Action item: Could you print all the entries below exactly as they appear, omitting the pictures?

-*-*-

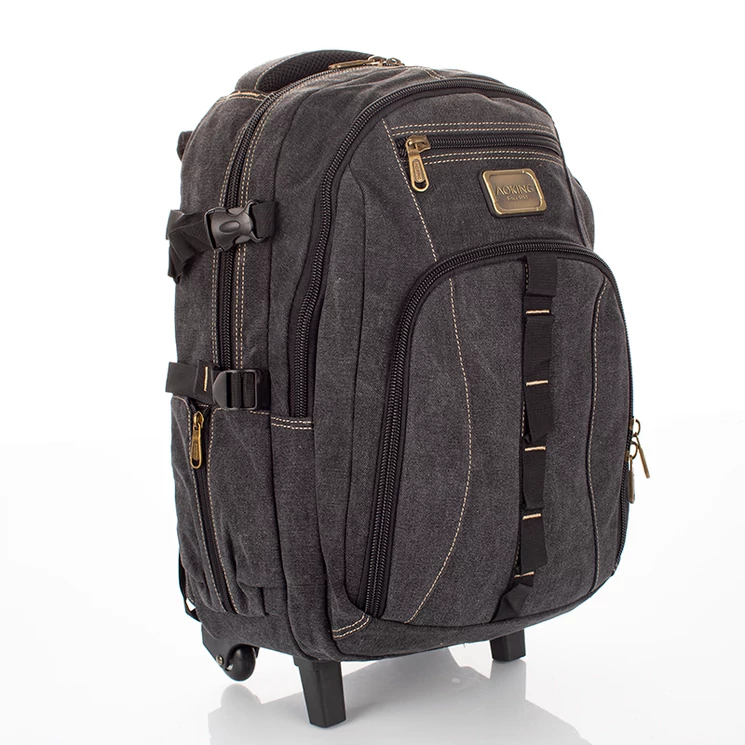 Ultraerős Aoking gurulós hátizsák fekete színben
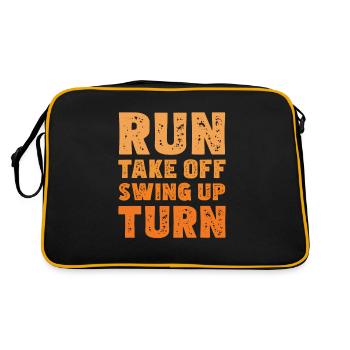 Run Take Off Swing Up Turn Funny Pole Jumping - Retro Bag - black/gold - Back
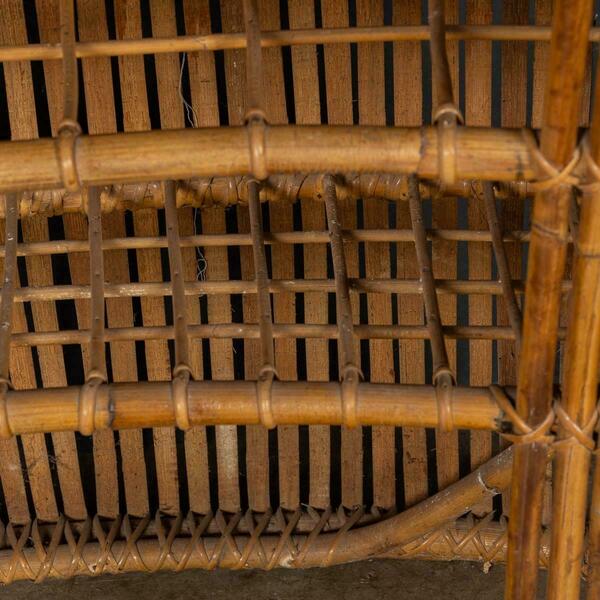 20th century italian standing bamboo dry bar & stools, c.1960 – A rare vintage treasure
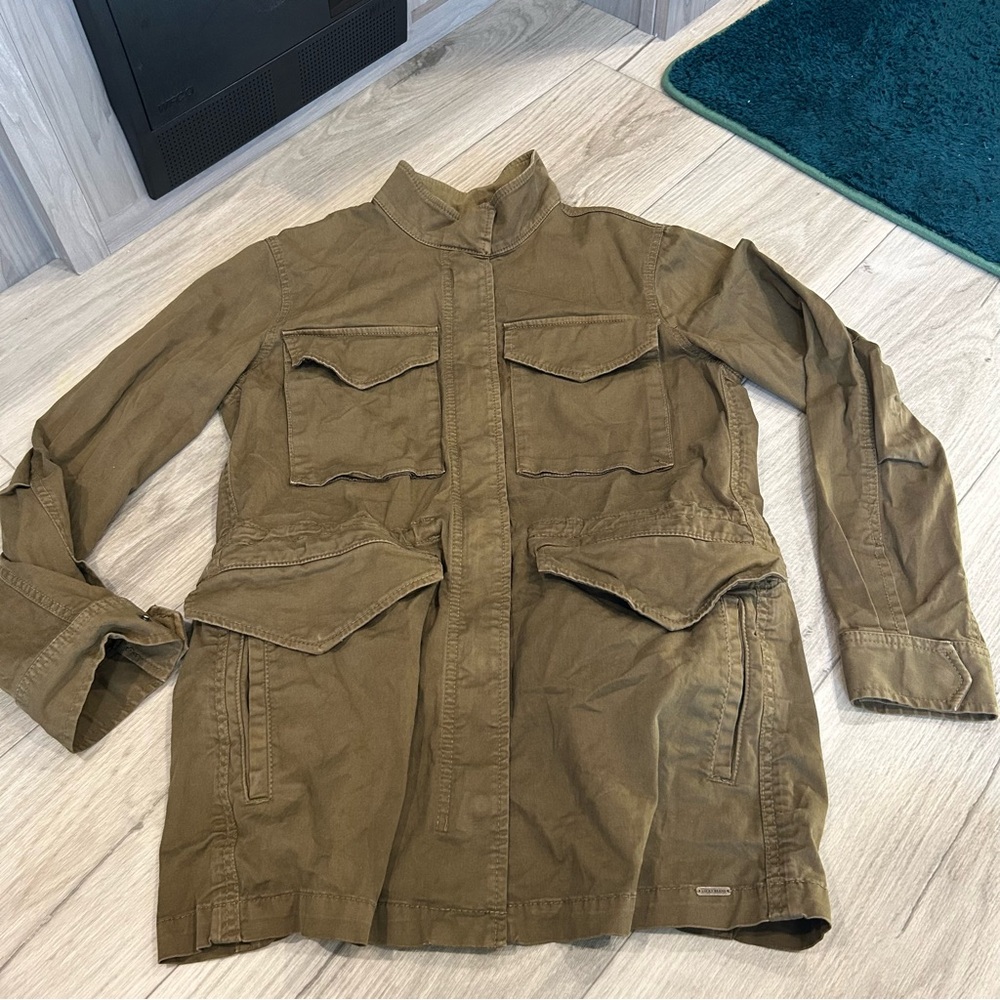 Lucky Brand Olive Military Field Jacket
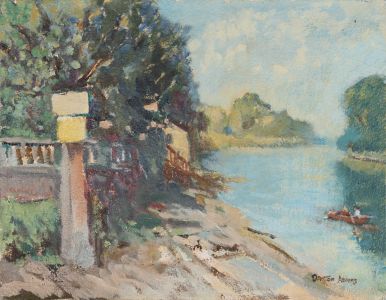 Danton F. Adams (1904–1990) - Mid 20th Century Oil, Halcyon Days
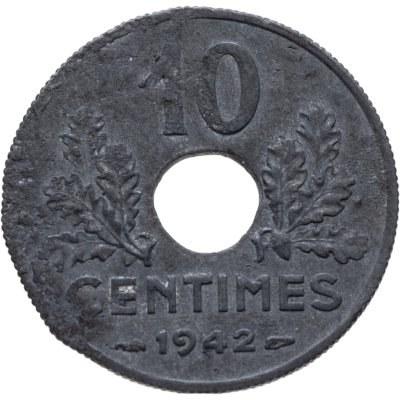 купить Франция 10 сантимов (centimes) 1942 ÉTAT FRANÇAIS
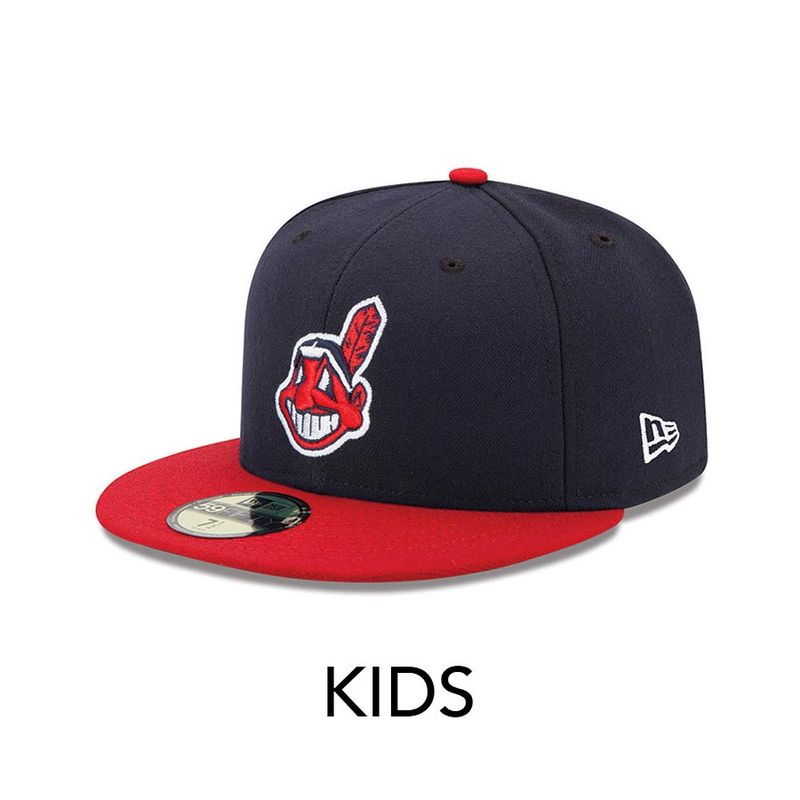 Kids Cleveland Indians New Era Home Chief Wahoo Old Logo On-Field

-*-*-

Task result:
 Ultraerős Aoking gurulós hátizsák fekete színben
 Run Take Off Swing Up Turn Funny Pole Jumping - Retro Bag - black/gold - Back
 20th century italian standing bamboo dry bar & stools, c.1960 – A rare vintage treasure
 Lucky Brand Olive Military Field Jacket
 Danton F. Adams (1904–1990) - Mid 20th Century Oil, Halcyon Days
 купить Франция 10 сантимов (centimes) 1942 ÉTAT FRANÇAIS
 Kids Cleveland Indians New Era Home Chief Wahoo Old Logo On-Field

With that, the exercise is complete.